O silêncio só é quebrado pela intensa sirene das ambulâncias, um som do qual muita gente vai se lembrar.

Tudo isso faz nossos antepassados se recordarem da guerra, dizem eles. Só que agora é a vez deles de morrer na batalha, muito mais do que os jovens. A nossa memória coletiva está em risco.

As trincheiras de hoje são nossos hospitais. Nossos médicos e enfermeiros são os soldados e os heróis. Já o papel de todo o resto é o da responsabilidade: quanto mais formos responsáveis, maior será nosso direito de reivindicar nossa liberdade de volta; quanto menos formos responsáveis, mais eles poderão impor medidas drásticas. Foi por isso que, no mês passado, saí do meu apartamento de 40m², sem nenhuma vista para a rua, apenas duas vezes. 

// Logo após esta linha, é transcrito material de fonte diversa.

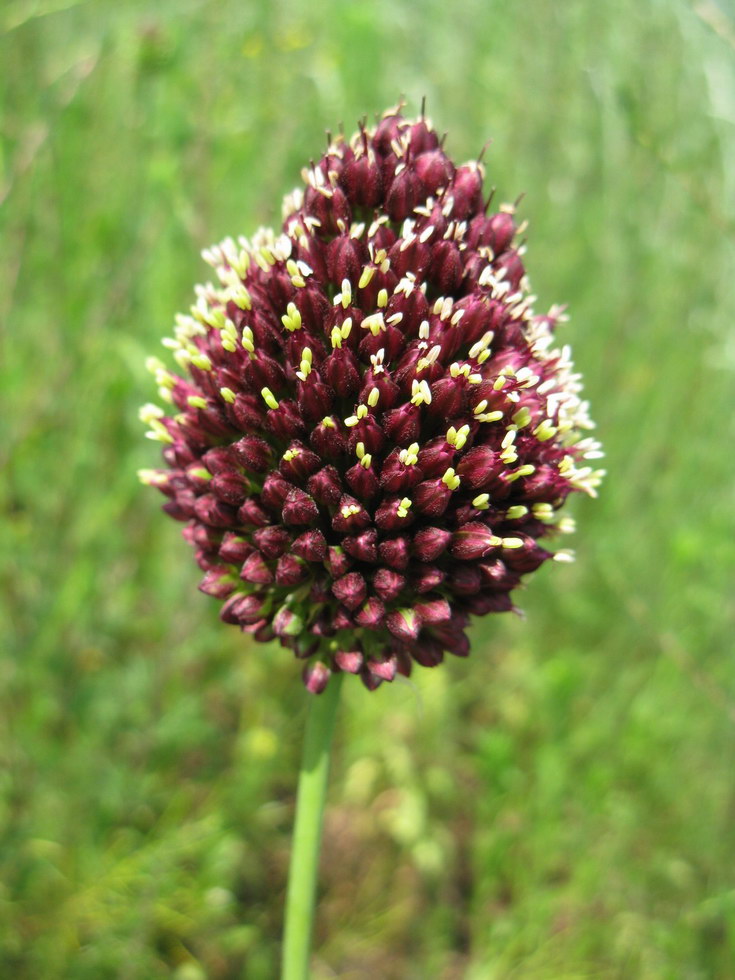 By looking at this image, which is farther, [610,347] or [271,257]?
[610,347]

Eu estava desesperado para atravessar a cortina de silêncio e as sirenes estridentes para me sentir menos sozinho e tentar descobrir o que estava acontecendo com colegas LGBT+ aqui na Itália. E isso me motivou a pedir aos membros da All Out para compartilharem suas histórias. 

Muitas mensagens que recebi falavam de esperança e solidariedade, mas também de medo, solidão e maneiras criativas que as pessoas encontraram para lidar com esses sentimentos.

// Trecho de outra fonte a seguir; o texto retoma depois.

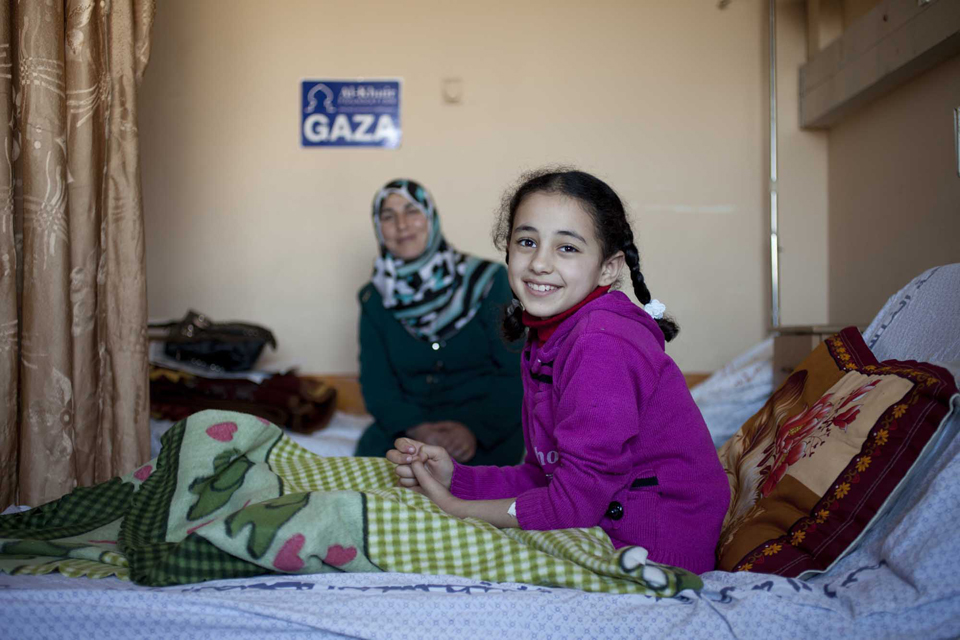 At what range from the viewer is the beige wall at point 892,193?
2.48 m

"Olá, meu nome é Mara e moro perto de Bergamo. Só com essa frase você já deve imaginar o quanto a Covid-19 afetou minha vida."

Bergamo é o triste cerne onde se concentrou o surto mais mortal do coronavírus na Itália.

"A maior ansiedade não é ter que ficar em casa, mas ficar em uma casa que não amo, em uma cidade que não amo, com a sirene das ambulâncias gritando praticamente na porta. O pior de tudo é ter que dividir a casa com meus pais, nem tanto pela minha mãe, mas por ser quase insuportável ter que me sujeitar ao meu pai. Um pai que não me tem nenhum respeito e que faz questão de demonstrar isso sempre, toda vez que surge uma oportunidade."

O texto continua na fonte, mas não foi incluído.